Telehealth company Ro started out three years ago selling erectile dysfunction medication and hair loss supplements to men.
The company has since built out a telehealth company with three online health clinics, and now it wants to expand into remote monitoring for chronic conditions.
Ro has scored a $200 million series C funding round led by existing investor General Catalyst and with significant participation from investors FirstMark Capital, Torch, SignalFire, TQ Ventures, Initialized Capital, 3L and BoxGroup.
First-time investor The Chernin Group also participated.
The startup has raised a total of $376 million since its founding in 2017.
Ro will use the newly raised capital to build out technology to address healthcare access and affordability challenges faced by patients, the company said.
Ro plans to offer remote patient monitoring with integrated devices for chronic disease management, urgent care and at-home testing on its platform in the near future. The company also plans to double the size of its engineering team.
Ro operates three online health clinics—Roman for men, Rory for women and Zero for addiction treatment—and the company has seen tremendous growth across all its services during the COVID-19 pandemic, Zachariah Reitano, co-founder and CEO of Ro, told Fierce Healthcare last month.
Between all three clinics, Ro now treats nearly 20 conditions including sexual health, weight loss, dermatology and allergies.
The company also has a network of pharmacies for prescription and home delivery. During the pandemic, the company expedited the launch of Ro Pharmacy, an online mail-order pharmacy that offers 500 of the most common medications for $5 per month.
Ro has facilitated more than 5 million digital healthcare visits for patients in nearly every county in the U.S., including 98% of primary care deserts, according to the company.
"Every single person deserves high-quality, affordable healthcare. At Ro, we believe the only way to do this is by putting patients at the center of their care and building technology to empower providers to do what they do best—help people," Reitano said in a statement.
"This new investment will further our mission to become every patient’s first call. We’ll continue to invest in our vertically-integrated healthcare ecosystem, from our Collaborative Care Center to our national pharmacy operating system. This is just the beginning of Ro’s patient-centered healthcare platform," he said.
"Telehealth companies like Ro are using technology to address long-standing healthcare disparities that have been exacerbated by COVID-19," said Joycelyn Elders, M.D., Ro's medical adviser and former U.S. surgeon general, in a statement.
"By empowering providers to leverage their skills as efficiently and effectively as possible, Ro delivers affordable, high-quality care regardless of a patient’s location, insurance status, or physical access to physicians and pharmacies," Elders said.

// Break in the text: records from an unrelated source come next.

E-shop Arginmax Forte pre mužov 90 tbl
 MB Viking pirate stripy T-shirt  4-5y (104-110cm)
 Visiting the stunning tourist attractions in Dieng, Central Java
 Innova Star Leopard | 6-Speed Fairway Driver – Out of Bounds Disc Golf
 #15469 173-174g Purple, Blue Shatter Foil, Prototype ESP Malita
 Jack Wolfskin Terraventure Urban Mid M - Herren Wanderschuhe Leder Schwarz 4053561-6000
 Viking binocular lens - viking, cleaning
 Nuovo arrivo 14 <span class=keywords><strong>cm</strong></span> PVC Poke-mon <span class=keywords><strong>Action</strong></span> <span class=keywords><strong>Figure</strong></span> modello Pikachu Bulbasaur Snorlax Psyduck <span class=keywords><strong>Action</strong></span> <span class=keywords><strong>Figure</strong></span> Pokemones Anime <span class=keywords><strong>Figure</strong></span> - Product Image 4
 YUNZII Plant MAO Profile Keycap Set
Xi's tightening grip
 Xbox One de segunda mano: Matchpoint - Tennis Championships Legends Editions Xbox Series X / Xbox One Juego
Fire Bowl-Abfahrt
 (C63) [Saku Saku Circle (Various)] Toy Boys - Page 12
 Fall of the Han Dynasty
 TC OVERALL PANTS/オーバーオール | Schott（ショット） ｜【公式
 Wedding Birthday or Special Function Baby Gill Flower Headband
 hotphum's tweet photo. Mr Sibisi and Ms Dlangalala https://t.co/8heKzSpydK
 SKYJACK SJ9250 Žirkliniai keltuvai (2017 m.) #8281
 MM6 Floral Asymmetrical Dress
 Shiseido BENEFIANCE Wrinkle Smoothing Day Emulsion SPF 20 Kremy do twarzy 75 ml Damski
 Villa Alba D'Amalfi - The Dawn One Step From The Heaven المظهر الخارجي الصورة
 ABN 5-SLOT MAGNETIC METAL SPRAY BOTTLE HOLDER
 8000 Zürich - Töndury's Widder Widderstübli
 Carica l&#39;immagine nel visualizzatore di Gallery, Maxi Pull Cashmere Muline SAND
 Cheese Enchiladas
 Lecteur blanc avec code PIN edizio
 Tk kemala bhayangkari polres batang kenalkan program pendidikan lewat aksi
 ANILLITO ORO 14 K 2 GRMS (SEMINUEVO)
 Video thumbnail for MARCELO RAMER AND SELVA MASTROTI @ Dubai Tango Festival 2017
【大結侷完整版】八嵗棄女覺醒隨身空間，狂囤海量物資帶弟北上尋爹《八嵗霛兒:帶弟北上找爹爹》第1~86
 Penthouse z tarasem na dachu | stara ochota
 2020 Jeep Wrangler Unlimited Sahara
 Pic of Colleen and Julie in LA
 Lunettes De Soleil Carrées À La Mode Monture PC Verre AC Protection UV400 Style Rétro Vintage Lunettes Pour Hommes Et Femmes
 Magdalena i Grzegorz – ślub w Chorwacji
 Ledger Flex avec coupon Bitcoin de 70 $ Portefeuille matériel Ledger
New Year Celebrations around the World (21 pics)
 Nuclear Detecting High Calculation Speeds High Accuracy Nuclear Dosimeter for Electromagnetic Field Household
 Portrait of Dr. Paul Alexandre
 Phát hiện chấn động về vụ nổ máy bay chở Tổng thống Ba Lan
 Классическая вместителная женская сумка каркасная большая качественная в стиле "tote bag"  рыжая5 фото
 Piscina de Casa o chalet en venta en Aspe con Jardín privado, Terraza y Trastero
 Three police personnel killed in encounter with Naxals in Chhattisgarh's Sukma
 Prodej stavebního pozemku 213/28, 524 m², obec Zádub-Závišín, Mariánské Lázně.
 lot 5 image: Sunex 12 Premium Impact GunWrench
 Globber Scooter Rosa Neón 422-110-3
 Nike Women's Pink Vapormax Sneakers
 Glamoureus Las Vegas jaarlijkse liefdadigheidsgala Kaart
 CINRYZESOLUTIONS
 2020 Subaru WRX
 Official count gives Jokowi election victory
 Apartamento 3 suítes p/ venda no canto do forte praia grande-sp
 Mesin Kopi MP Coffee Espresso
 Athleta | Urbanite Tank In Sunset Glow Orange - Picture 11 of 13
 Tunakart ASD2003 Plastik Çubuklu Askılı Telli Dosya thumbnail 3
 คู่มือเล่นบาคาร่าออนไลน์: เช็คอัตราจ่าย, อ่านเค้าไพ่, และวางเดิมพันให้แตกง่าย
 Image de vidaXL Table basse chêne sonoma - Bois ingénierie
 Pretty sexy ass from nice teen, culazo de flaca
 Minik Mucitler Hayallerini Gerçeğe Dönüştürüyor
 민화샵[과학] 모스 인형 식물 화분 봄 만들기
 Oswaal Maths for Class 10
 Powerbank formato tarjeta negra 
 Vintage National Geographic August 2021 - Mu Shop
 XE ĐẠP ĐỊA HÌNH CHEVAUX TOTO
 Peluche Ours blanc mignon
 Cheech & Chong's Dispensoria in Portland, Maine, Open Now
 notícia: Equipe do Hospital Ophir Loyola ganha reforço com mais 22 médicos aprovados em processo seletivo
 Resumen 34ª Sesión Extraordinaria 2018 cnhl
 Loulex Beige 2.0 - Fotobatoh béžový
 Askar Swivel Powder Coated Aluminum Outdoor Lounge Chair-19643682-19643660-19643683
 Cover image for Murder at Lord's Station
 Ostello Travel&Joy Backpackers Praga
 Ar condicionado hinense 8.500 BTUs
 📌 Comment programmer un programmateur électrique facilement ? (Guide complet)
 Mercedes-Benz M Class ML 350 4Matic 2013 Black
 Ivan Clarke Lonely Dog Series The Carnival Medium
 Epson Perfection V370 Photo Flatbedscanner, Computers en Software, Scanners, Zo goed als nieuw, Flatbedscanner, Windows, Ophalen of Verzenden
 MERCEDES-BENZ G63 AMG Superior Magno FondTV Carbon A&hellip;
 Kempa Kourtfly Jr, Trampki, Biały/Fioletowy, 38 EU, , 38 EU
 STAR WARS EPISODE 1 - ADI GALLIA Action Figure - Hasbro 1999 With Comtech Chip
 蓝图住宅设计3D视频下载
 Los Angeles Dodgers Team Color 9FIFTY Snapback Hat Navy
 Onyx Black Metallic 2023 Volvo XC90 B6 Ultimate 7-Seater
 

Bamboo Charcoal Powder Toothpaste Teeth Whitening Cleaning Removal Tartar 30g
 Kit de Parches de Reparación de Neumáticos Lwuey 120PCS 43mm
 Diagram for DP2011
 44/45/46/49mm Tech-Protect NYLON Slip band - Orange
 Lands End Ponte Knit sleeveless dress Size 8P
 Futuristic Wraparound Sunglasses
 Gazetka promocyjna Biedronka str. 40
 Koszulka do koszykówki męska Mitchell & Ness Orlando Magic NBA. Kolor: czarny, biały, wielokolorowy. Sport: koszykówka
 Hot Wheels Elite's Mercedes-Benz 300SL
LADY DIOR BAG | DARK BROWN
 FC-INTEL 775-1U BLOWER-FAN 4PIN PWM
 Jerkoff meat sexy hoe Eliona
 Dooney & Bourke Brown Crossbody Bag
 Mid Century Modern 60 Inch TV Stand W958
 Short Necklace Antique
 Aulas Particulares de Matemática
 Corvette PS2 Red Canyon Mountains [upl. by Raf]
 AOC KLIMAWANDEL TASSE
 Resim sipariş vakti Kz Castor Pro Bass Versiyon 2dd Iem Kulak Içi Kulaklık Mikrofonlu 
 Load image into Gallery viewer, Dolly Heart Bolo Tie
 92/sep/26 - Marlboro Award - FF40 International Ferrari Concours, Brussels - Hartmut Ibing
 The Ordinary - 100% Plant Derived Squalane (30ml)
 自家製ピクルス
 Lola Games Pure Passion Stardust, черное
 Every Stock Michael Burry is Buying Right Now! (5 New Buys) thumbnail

The startup has continued to expand its healthcare services in the past year.
In December, Ro launched a prescription weight management product on its platform through a partnership with biotechnology company Gelesis.
In June, the company announced a partnership with Ribbon Health to enable telehealth patients to have a more convenient way to access in-person care by leveraging Ribbon's nationwide directory of healthcare providers.
During the pandemic, Ro also rolled out a nationwide COVID-19 telehealth screening and consultation service.
Telehealth companies are having a big moment as the COVID-19 pandemic drove patients to seek virtual care to avoid stepping foot in a doctor's office.
Investors poured $1.7 billion into the telehealth sector in the first half of 2020, leading financing activity for the first half of 2020's record $6.3 billion in digital health funding, according to a recent Mercom Capital Group report.
Telehealth company Amwell scored $194 million in a series C funding round in May, and competitor Doctor on Demand banked $75 million in series D financing led by General Atlantic.
Tyto Care, which provides an at-home medical exam and telehealth device kit, raised $50 million in its latest funding round in April.
San Francisco-based Carbon Health, a technology-enabled primary care provider that blends in-person and virtual care services, also recently landed $28 million in funding.